When calculating a monthly budget, most people only consider their payments versus their cash flow. Rarely do they take the time to calculate all of the interest they are paying. For example, when they view their credit card statement, they only take note of the balance. If the balance owed is $5,000, it doesn’t appear to be an overwhelming amount of debt. However, the interest on that amount of credit card debt with an APR of 22 percent, paid over a period of 10 years with minimum payments, would be a whopping $44,235.
Get the ‘big picture’
To really get a handle on how much of your hard-earned money goes to pay interest every month, commit to doing a full interest inventory. Sit down and go through an entire month of bills and highlight the interest rate and amount on every single bill. Chances are this will be an uncomfortable, yet enlightening, process. Don’t forget student or car loans, either. There may not be much you can do with those but you should still be aware of how much headway you’re making with those payments each month. Remember to look out for introductory rates that have expired, late fees or a late payment that caused your once low rate to skyrocket.
Types of interest
A mortgage or auto loan is calculated with ‘simple interest,’ which is only based on the principal amount of the loan. The payments are usually made on a fixed schedule over a specified period of time, referred to as an amortization. When payments are made on this type of loan, the initial payments are mostly paying interest. As subsequent payments are made, a larger percentage is paid on the principal. For instance, a $20,000 loan to be paid over five years at 6 percent interest might have an initial payment of $386, with $286 paid on the principle and $100 in interest. The final payment would pay $384 on the principal with $1.92 in interest. This is highly relevant for those who trade automobiles each time a new model is released. Since most of the front-end loan payments have been paid on interest, a large principal balance is usually transferred to the new auto loan.
Interest rates become even more significant with poor credit. Those with low credit scores will pay higher interest rates on loans. In the event of unforeseen circumstances, even people with a good credit score can become overwhelmed with interest payments. Credit card companies will raise the interest rates if they feel the card holder presents a significant risk. An unexpected emergency that leads to using a large percentage of the available credit or a late payment can result in additional fees as well as higher interest rates.

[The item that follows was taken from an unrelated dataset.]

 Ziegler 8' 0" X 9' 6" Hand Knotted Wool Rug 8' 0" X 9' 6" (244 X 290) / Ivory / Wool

Commit to cutting down the numbers
There are a number of ways to reduce the amount of interest paid on loans and credit cards, including:
- Refinance your home or car at a lower interest rate
- Consolidate your total debt to one home equity loan
- Transfer balances to low interest rate credit cards
- Pay more than the minimum payment
- Request an interest rate reduction on credit cards
Make immediate changes
Neglecting the cost of interest on purchases and payments when budgeting expenses is one of the primary reasons many people fail to live within their means. Paying only the 2-percent minimum payment on a high-interest credit card can even lead to greater debt. The amount of interest accrued will exceed the amount of the payment. In the long term, the amount of interest paid can have a significant impact on income. If the money paid out in interest on loans and credit cards were invested, it would be yielding additional income for retirement. Understanding how interest works on various loan products and accounting for the cost is essential to maintaining financial well-being.